We all have had, do have and will have nightmares. They can be provoked by illness, worry, concern...things that are no longer important when you wake up.
But for our children a bad dream can be an exaggeration of their fears. It's happened to us as well: when we are small we dream that there is a monster in the wardrobe and on waking up we believe that this monster really could be hidden amongst our clothes. By saying this we want to point out that anxiety provoked by a nightmare is as intense for the child as it is for us, ones that are provoked by a problem or a terrible occurrence.
With this in mind we have to act: it isn't enough to say "are you scared by something as silly as a nightmare?" You have to comfort them and play it down, chat with a soft and tranquil tone in order to assure them that they have nothing to be scared of. If it's about something specific, ask them to tell you about the nightmare because very often the mere act of describing your fear to a protective adult will comfort them.
Little by little sleepiness will return: you can calm them down by telling them a story, talking about how fun it is to dream, saying that a nightmare can never be followed by another one or by exaggerating that, whatever happens, you will be in the room next to them. In any case it is fundamental that you stay with them until they fall back to sleep.

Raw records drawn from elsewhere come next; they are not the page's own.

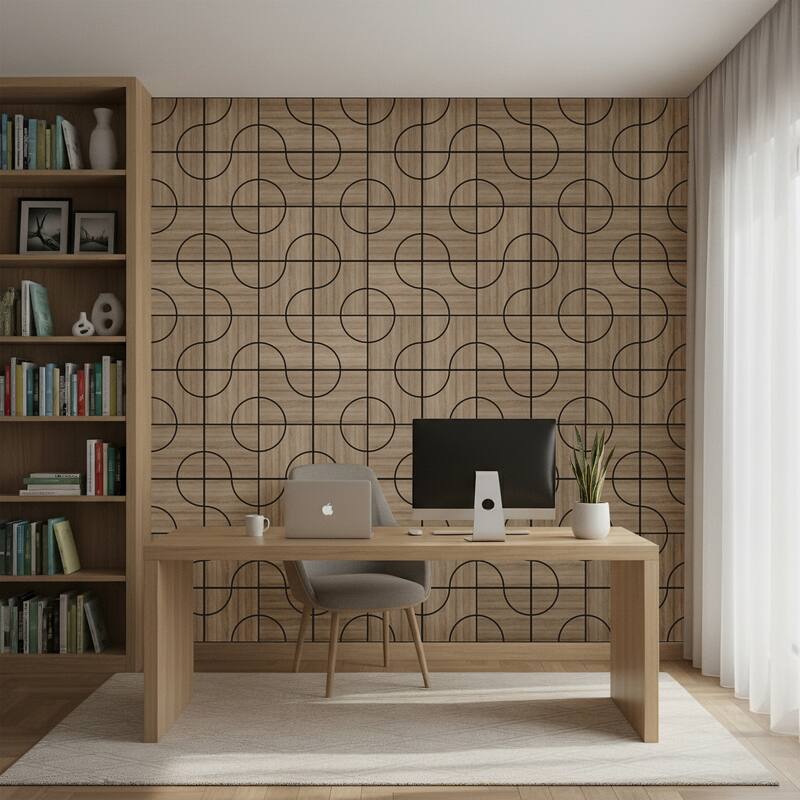 23.6" x 23.6" Wood Acoustic Wall Panels for Ceiling and Wall Decor, 4-Pack (15 sq ft)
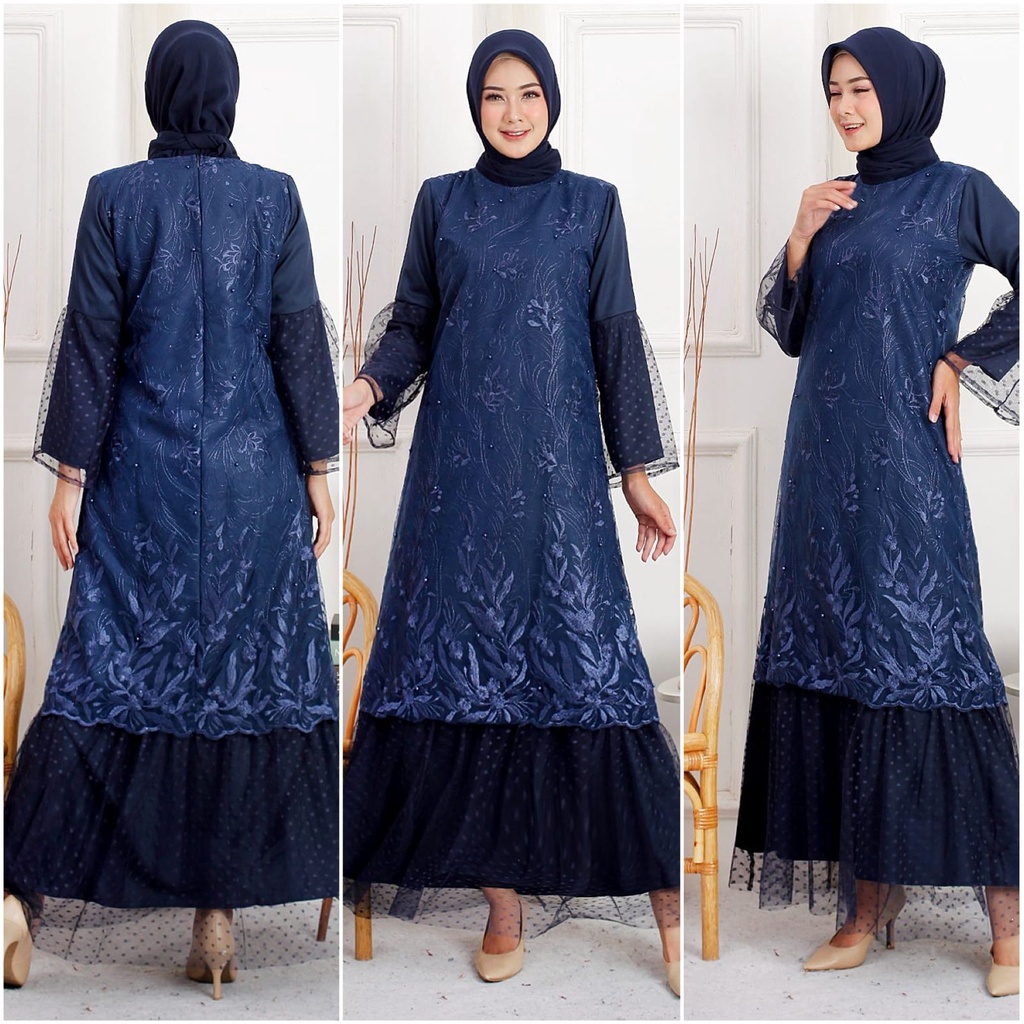 Gamis Bilqis Brukat Tile Mix Tille Dotty Maxi Dress Fashion Muslim Mewah Pesta Kondangan Murah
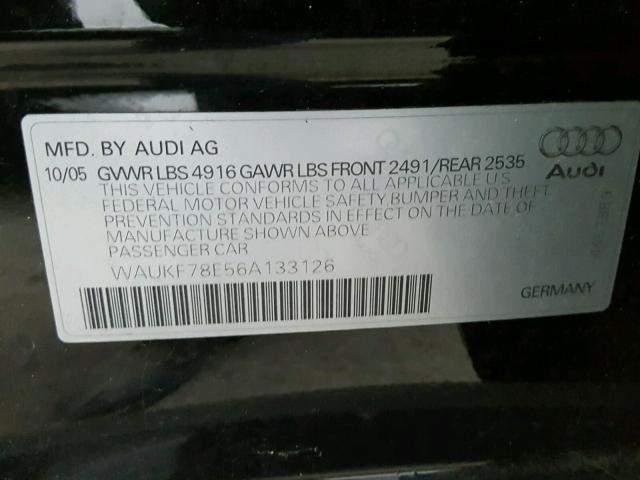 WAUKF78E56A133126 - 2006 AUDI A4 2.0T AV BLACK photo 10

The most important thing is to ensure that they do not feel alone. A simple but very efficient way of achieving this is to provide the child with a "sleep" companion: a simple cuddly toy that they can cuddle while sleeping. There's no need to explain why this is so effective: we have all had a teddy bear or a toy penguin or dog that has accompanied us on our best nights sleep and protected us from nightmares.
To conclude: you have to be comprehensive, to understand that anyone can have a good night and believe that there is no place where you feel as safe as you do in your own home.